*Goal of the exercise*
Only the lines from the one with "Bateriový vysavač na" through the last line of the material below belong in the answer, copied exactly and without pictures.

****

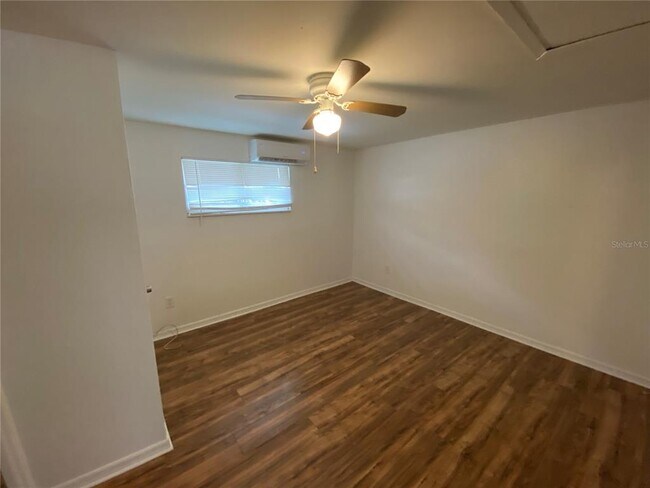Building Photo - 4424 57th Ave N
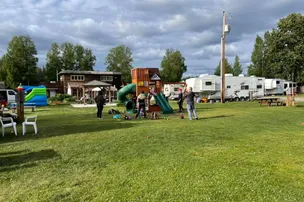 Riverside RV & Camper Park – photo 2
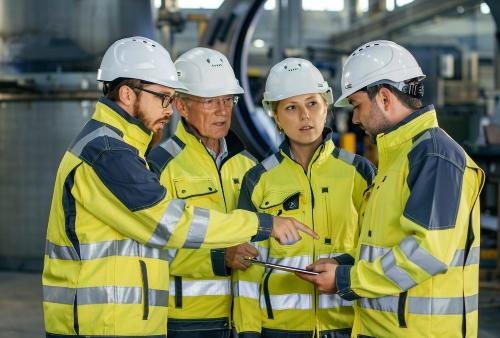 Подбор рабочего персонала в сезон: как ускорить найм и не перегружать HR?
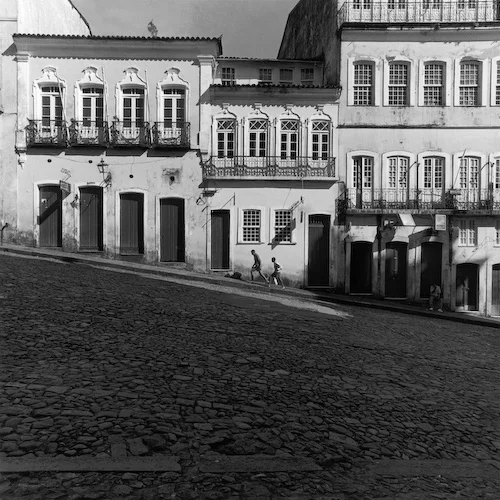"Cuesta arriba", Salvador, Brasil , 1997 Silver gelatin print. 11 x 14 inches (paper)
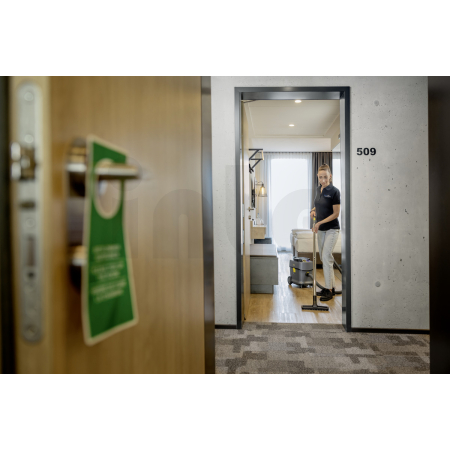 Bateriový vysavač na suché nečistoty KÄRCHER T 15/1 Bp 1.355-352.0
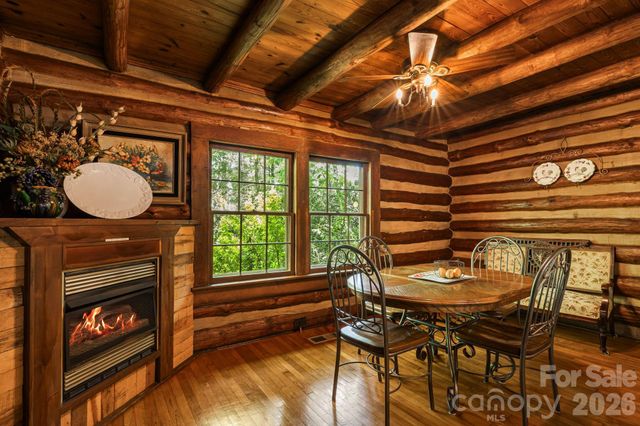 128 Tee Off Lane, Hendersonville, NC 28792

****

*Task response*
 Bateriový vysavač na suché nečistoty KÄRCHER T 15/1 Bp 1.355-352.0
 128 Tee Off Lane, Hendersonville, NC 28792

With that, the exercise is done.